The Decoy Dilemma in Online Medical Information Evaluation: A Comparative Study of Credibility Assessments by LLM and Human Judges (2411.15396v1)

Published 23 Nov 2024 in cs.IR, cs.AI, and cs.HC

Abstract: Can AI be cognitively biased in automated information judgment tasks? Despite recent progresses in measuring and mitigating social and algorithmic biases in AI and LLMs, it is not clear to what extent LLMs behave "rationally", or if they are also vulnerable to human cognitive bias triggers. To address this open problem, our study, consisting of a crowdsourcing user experiment and a LLM-enabled simulation experiment, compared the credibility assessments by LLM and human judges under potential decoy effects in an information retrieval (IR) setting, and empirically examined the extent to which LLMs are cognitively biased in COVID-19 medical (mis)information assessment tasks compared to traditional human assessors as a baseline. The results, collected from a between-subject user experiment and a LLM-enabled replicate experiment, demonstrate that 1) Larger and more recent LLMs tend to show a higher level of consistency and accuracy in distinguishing credible information from misinformation. However, they are more likely to give higher ratings for misinformation due to the presence of a more salient, decoy misinformation result; 2) While decoy effect occurred in both human and LLM assessments, the effect is more prevalent across different conditions and topics in LLM judgments compared to human credibility ratings. In contrast to the generally assumed "rationality" of AI tools, our study empirically confirms the cognitive bias risks embedded in LLM agents, evaluates the decoy impact on LLMs against human credibility assessments, and thereby highlights the complexity and importance of debiasing AI agents and developing psychology-informed AI audit techniques and policies for automated judgment tasks and beyond.

Summary

The paper demonstrates that advanced LLMs, despite overall strong performance, are vulnerable to decoy bias especially in multi-query contexts.
It employs a dual experimental design comparing human and AI assessments to quantify the influence of the decoy effect on credibility judgments.
The study highlights topic-specific decoy vulnerabilities and the need for robust debiasing strategies for safe deployment in healthcare.
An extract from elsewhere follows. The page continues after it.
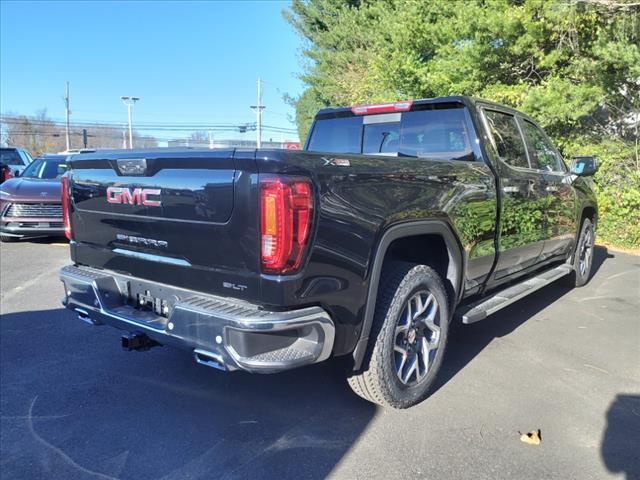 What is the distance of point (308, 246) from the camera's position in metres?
2.39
Overview of "The Decoy Dilemma in Online Medical Information Evaluation: A Comparative Study of Credibility Assessments by LLM and Human Judges"

The paper "The Decoy Dilemma in Online Medical Information Evaluation: A Comparative Study of Credibility Assessments by LLM and Human Judges" probes into a crucial facet of AI judgment: the susceptibility of LLMs to cognitive biases, specifically the decoy effect, when assessing the credibility of online medical information. As LLMs become integral to information processing tasks traditionally handled by humans, this research addresses a pertinent question: Are LLMs purely rational, or do they mirror human-like biases?

Key Findings

The paper employs a dual experimental design involving both human and AI participants to gauge the impact of decoy effects on credibility assessments regarding COVID-19 medical information. The decoy effect refers to the cognitive bias where the presence of an inferior option can shape preferences among existing choices. Contrary to the assumption that AI systems operate without bias, the findings indicate that LLMs, particularly newer and more sophisticated models, can indeed exhibit bias when exposed to decoy triggers.

Credibility Judgment Consistency:
- Larger and more recent LLMs, like GPT-4O and Claude-3-Sonnet, generally outperform older models in distinguishing credible information from misinformation. These models, however, display increased susceptibility to decoy effects compared to human judges, particularly in settings that involve multi-query interactions.
Session Context Influence:
- In contexts where previous queries influence current judgments (multi-query sessions), decoy effects are more pronounced in LLM assessments. This highlights the importance of contextual memory in amplifying cognitive biases within AI systems.
Topic-Specific Vulnerabilities:
- The presence and strength of decoy effects vary by subject matter, implying that certain topics may inherently trigger more pronounced biases in LLMs.

Implications and Future Research

The empirical confirmation of cognitive biases in AI systems, as illustrated by the decoy effects observed in LLM judgments, raises significant concerns about the deployment of these models in high-stakes decision environments, such as healthcare. It emphasizes the necessity for rigorous AI auditing and debiasing strategies. Developing methods to detect and mitigate such biases is critical for ensuring that AI can assist in human decision-making without perpetuating misinformation.

Future research should explore:

Broader applications of decoy effect evaluations across various domains to understand the generalizability of these findings.
Development of sophisticated models that incorporate debiasing mechanisms at both pre-processing (training data refinement) and processing (real-time bias detection and correction) stages.
Exploration of other cognitive biases and their potential influence on AI judgment tasks, extending beyond the decoy effect to include biases like confirmation bias and anchoring.

In conclusion, this research underscores the complexity of AI-driven evaluation and decision-support systems and the pressing need for frameworks that proactively address cognitive biases, thereby enhancing the reliability and trustworthiness of AI in information-intensive domains.